Ok. So I have some issues with the paper. As stated by the authors, the focus of this paper is to answer : 'Given a semantic encoding of a large set of concept classes, can we build a classifier to recognize classes that were omitted from the training set?'. In the related work section, the paper mentions about the work of Lampert et. al. 'Learning to detect unseen object classes by between-class attribute transfer' which discusses the problem of zero-shot learning in computer vision by transfer learning of semantic attributes (85 attributes) on animals with attribute dataset (AwA). While reading this paper (Palatucci et.al.), I was looking for the question how is it different from the findings of Lampert et.al. Except for Section 3 which gives theoretical PAC analysis, I could not see how it is offering something new. Please correct me if I am missing something. The idea of using human fMRI images is new. Maybe it is the selling factor of this paper. Further they could have tested their approach on AwA dataset which has more confusing categories and more semantic attributes. But I suppose it is not a computer vision paper which is competing on numbers for an approach. The author's idea is to show the possibility of zero-shot learning which in my opinion has been well demonstrated by Lampert et. al. Please correct me if I am somewhere missing the beauty of this paper. Notes: 1. Lampert et.al paper link:
This paper (Mohammad Rastegari, Ali Farhadi, and David Forsyth. "Attribute discovery via predictable discriminative binary codes." ECCV 2012.) provides a way to learn predictable while discriminative codes / attributes for general objects. Beside, their assumption of one-to-one mapping between class labels and points in the semantic feature space seems tricky. A more feasible way is to group or classify different categories in the attribute space.
In my opinion the work of Rastegari et al is a crazy optimization which worked for Caltech-256 mostly due to the use of classeme-1369 feature vector which itself contains the knowledge of semantics.

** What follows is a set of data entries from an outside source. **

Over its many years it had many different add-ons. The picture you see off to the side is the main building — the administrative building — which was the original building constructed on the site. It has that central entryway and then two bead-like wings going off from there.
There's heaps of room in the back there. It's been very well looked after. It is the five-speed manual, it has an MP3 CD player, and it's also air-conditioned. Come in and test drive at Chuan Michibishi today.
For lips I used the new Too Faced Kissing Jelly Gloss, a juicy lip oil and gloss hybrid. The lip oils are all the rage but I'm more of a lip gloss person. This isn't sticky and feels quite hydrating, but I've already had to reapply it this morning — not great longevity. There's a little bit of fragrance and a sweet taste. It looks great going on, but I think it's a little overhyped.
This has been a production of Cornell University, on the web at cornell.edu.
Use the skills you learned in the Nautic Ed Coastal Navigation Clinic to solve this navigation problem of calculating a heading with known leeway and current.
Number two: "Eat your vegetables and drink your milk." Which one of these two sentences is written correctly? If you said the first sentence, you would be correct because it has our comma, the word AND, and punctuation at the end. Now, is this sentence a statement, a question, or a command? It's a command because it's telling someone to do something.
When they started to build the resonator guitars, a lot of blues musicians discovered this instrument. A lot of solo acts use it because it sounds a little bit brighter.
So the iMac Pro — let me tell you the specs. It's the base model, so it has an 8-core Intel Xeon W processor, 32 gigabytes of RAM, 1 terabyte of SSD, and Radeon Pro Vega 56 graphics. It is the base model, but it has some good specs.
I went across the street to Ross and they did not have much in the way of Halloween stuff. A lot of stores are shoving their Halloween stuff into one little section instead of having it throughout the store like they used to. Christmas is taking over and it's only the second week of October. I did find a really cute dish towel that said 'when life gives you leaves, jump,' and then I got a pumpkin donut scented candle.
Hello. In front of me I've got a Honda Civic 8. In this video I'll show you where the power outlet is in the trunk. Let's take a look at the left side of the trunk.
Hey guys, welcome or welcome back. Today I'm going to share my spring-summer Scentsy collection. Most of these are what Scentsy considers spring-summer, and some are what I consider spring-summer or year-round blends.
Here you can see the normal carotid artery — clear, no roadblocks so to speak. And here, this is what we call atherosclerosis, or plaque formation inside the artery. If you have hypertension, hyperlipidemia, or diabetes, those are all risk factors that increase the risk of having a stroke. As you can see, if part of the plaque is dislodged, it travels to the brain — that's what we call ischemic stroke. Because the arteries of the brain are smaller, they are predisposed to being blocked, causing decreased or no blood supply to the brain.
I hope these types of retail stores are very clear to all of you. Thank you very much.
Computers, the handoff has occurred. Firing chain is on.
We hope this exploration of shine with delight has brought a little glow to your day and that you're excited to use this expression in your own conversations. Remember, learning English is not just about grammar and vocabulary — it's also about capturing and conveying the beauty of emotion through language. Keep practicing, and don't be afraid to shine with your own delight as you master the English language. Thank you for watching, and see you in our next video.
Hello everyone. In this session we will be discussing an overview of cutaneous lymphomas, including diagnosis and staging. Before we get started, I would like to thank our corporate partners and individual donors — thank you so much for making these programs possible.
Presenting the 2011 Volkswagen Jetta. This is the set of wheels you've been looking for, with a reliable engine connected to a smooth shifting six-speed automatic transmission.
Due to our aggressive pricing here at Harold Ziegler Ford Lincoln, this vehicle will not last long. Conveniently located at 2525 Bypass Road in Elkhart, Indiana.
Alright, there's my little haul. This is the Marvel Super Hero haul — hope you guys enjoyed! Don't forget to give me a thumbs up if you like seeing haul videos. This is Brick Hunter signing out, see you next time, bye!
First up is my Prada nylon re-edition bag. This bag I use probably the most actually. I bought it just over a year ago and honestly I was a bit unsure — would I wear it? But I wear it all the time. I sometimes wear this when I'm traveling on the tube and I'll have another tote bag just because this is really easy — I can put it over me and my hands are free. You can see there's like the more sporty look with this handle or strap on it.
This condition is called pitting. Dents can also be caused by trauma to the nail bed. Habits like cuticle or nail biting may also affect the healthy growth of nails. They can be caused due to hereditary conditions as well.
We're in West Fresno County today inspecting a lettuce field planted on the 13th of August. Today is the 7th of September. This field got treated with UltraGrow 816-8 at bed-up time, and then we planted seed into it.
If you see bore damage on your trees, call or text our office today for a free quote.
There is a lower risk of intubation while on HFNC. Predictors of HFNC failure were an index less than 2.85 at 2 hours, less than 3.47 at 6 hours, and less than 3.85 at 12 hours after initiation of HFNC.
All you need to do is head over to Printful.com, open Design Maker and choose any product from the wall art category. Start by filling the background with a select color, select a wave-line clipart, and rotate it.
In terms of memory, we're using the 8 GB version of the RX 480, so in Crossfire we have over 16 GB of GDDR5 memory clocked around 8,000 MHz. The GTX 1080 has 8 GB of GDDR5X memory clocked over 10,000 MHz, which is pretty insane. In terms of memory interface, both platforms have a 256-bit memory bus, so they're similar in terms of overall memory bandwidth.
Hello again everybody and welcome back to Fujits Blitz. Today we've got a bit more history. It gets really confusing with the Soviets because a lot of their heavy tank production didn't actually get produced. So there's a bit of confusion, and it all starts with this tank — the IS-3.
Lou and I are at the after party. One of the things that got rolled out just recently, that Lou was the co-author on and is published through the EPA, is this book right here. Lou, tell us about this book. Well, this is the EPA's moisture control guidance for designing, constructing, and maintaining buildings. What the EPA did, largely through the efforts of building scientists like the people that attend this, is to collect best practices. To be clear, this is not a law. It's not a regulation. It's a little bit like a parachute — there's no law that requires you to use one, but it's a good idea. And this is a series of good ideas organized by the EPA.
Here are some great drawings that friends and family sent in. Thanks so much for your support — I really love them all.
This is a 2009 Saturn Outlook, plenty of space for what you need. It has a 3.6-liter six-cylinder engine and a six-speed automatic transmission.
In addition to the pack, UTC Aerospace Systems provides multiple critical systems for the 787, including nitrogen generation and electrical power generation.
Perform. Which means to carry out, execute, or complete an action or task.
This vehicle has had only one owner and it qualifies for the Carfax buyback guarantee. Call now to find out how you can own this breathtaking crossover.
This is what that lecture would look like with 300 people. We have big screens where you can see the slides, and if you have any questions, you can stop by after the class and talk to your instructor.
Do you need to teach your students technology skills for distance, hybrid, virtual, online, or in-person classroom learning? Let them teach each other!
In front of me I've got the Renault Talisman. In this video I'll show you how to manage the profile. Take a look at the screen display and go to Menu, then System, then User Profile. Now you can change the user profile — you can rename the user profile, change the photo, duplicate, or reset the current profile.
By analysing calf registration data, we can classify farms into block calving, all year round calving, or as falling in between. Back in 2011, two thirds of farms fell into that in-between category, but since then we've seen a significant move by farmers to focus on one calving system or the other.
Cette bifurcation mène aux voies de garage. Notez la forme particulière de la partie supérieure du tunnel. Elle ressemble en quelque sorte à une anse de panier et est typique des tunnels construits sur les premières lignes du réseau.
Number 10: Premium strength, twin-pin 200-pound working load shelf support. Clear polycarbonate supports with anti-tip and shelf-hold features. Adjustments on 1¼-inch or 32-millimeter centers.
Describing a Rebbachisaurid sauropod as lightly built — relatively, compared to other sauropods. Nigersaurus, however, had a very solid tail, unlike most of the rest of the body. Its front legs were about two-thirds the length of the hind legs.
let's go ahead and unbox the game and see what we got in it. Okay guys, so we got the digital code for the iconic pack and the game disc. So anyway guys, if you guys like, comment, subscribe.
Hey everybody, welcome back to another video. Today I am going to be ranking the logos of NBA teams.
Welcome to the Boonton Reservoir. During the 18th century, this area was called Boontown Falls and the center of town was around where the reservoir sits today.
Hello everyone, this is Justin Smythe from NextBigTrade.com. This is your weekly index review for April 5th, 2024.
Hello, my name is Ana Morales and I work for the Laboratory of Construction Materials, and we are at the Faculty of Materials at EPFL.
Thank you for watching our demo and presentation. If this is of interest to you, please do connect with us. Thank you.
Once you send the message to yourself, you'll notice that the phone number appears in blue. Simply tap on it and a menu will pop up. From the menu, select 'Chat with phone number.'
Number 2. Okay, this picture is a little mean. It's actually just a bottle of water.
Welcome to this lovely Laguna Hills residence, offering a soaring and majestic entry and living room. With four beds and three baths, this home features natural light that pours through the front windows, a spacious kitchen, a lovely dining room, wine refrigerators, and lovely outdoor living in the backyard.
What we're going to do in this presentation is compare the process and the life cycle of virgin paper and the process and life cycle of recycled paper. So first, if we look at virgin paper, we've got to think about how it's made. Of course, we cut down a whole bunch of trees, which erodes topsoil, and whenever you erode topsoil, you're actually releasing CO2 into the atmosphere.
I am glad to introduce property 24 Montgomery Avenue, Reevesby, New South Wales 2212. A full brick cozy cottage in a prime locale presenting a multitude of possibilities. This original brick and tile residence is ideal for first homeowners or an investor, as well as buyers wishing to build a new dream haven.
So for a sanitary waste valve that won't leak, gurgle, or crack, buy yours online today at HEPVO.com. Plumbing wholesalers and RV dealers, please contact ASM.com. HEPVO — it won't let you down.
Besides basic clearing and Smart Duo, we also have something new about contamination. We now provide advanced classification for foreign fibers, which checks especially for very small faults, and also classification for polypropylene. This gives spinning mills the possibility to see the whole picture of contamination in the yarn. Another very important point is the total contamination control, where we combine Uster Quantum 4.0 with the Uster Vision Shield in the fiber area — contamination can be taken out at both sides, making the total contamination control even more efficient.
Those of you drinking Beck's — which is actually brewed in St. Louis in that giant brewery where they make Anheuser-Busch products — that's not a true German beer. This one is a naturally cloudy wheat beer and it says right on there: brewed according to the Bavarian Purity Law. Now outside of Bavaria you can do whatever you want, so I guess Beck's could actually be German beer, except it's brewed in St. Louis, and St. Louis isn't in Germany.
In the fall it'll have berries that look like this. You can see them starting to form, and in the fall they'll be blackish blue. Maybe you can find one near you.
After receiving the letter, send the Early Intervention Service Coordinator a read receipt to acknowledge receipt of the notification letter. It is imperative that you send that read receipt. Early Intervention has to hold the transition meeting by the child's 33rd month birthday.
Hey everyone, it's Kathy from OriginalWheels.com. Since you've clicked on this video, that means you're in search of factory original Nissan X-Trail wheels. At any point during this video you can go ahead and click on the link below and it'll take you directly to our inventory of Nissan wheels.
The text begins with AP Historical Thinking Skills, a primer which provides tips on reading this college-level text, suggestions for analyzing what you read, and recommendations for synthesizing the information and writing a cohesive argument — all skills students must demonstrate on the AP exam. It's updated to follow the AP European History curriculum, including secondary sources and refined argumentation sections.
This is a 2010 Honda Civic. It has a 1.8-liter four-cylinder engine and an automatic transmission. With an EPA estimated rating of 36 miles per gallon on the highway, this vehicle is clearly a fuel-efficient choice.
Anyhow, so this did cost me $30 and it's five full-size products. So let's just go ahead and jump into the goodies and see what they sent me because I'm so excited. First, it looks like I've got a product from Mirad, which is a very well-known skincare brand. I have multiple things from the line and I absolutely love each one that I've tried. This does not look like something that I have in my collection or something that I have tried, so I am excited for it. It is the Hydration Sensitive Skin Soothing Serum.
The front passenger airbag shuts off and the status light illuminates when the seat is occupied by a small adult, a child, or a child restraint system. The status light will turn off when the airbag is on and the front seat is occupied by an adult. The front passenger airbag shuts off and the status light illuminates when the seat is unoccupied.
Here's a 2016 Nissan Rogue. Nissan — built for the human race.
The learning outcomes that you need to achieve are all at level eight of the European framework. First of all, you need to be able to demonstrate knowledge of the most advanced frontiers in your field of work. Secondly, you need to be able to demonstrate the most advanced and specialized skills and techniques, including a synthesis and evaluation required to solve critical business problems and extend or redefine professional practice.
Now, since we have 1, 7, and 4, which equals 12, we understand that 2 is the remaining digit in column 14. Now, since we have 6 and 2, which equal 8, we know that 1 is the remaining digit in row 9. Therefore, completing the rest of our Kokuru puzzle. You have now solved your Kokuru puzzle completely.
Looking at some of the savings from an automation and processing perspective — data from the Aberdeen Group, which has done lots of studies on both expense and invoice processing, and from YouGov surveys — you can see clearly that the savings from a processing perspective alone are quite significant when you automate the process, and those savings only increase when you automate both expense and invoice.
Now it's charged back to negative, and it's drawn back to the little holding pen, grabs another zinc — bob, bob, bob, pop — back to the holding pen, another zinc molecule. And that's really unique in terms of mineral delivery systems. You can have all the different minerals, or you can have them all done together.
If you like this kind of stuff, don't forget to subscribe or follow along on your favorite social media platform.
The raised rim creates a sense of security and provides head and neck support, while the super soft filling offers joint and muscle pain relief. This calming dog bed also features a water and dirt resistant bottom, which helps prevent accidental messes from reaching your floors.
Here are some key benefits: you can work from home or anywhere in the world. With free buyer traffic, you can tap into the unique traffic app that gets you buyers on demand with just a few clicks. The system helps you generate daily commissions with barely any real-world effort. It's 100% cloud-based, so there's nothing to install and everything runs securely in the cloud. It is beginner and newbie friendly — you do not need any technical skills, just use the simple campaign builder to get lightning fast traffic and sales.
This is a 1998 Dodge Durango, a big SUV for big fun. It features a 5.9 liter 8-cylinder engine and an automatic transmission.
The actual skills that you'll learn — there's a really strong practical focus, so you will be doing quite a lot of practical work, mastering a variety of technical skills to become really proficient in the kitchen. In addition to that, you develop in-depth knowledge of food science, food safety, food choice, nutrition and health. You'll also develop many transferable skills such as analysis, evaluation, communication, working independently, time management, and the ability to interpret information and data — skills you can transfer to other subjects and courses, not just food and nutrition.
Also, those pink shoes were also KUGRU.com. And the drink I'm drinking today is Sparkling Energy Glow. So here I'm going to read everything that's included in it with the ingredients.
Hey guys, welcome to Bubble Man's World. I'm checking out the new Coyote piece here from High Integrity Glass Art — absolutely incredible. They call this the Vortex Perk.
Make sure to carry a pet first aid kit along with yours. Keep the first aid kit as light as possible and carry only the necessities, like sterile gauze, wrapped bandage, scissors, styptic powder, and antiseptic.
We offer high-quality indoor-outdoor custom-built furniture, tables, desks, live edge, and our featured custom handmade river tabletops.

I have a basic question about the semantic labels used -- when they used Mechanical Turk to obtain the labels, are those the same properties they asked the people looking at the images to see? I couldn't discern from the paper whether they were purposefully trying to focus the features they were trying to pull from brain activity with the labels pulled from Mechanical Turk. Possibly an irrelevant question, but I was thinking it would really affect the results if the properties they asked for were different from the ones the subjects were thinking about.Also, as for the main conclusion of this paper -- they are clearly interested in the neuroengineering application, but I think the implications for how we build vision systems are way more interesting from a scientific perspective rather than an engineering one. Have there been any large CV challenges where no examples of a certain category are given, but the classifier is still expected to work on them? I guess this kind of a challenge would rely heavily on semantics, and the whole vision+semantics thing is still kind of new.
I have two points on attributes for computer vision purpose. 1. Should attributes be easier to recognize/detect/estimate than categories in term of computation? Otherwise, we may convert a hard problem to a harder problem. In this sense, attribute like "man-made" might be bad attribute, because it is really not easy to classify from only appearance. 2. Each attribute should be shared by multiple categories, otherwise it will come to be a category-like label itself. And, in terms of visual representation, it is not compact.